36 Ways of Writing a Vietnamese Poem

Nam Le

36 Ways of Writing a Vietnamese Poem
Simon & Schuster Australia
28 February 2024

36 Ways of Writing a Vietnamese Poem

Nam Le

Limited signed copies available while stock lasts

36 Ways of Writing a Vietnamese Poem, says Le, a Vietnamese refugee to Australia, is ‘the book I need to write. The book I've been writing my whole life’. This book-length poem is an urgent, unsettling reckoning with identity and the violence of identity, embedded with racism, oppression and historical trauma. But it also addresses the violence in those assumptions – of being always assumed to be outside one’s home, country, culture or language. And the complex violence, for the diasporic writer who wants to address any of this, of language itself.

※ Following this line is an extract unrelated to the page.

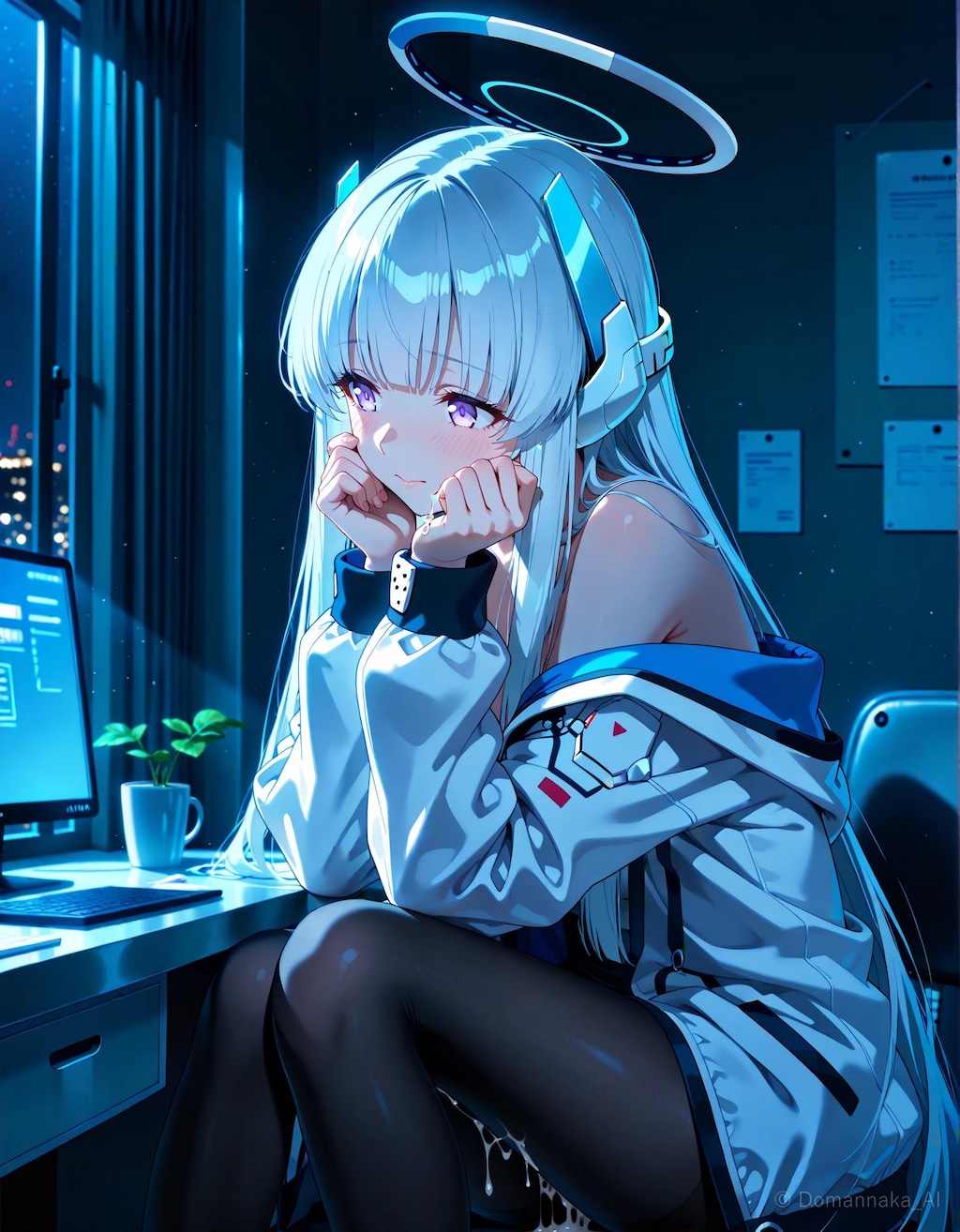 生塩ノア / ブルーアーカイブ (NSFW)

Making use of multiple tones, moods, masks and camouflages, Le’s poetic debut moves with unpredictable and destabilising energy between the personal and political, honouring every convention of diasporic literature – in a virtuosic array of forms and registers – before shattering the form itself. Like The Boat, 36 Ways of Writing a Vietnamese Poem conjures its own terms of engagement, escapes our traps, slips our certainties. As self-indicting as it is scathing, hilarious as it is desperately moving, this is a singular, breakthrough book.


Nam Le’s first book, the award-winning volume of short stories titled The Boat, not only exceeded all expectations, but also shattered them. For a book of short stories to be so widely read, praised, and reviewed is exceedingly rare. In The Boat, readers found a collection of beautifully polished gems, tales that resonated around the world and continue to do so today. Consequently, the name Nam Le excites people. In short, Le can write. He knows the rules: he can play with them, break them, and totally up-end them, as he has done in his debut book of poetry, 36 Ways of Writing a Vietnamese Poem.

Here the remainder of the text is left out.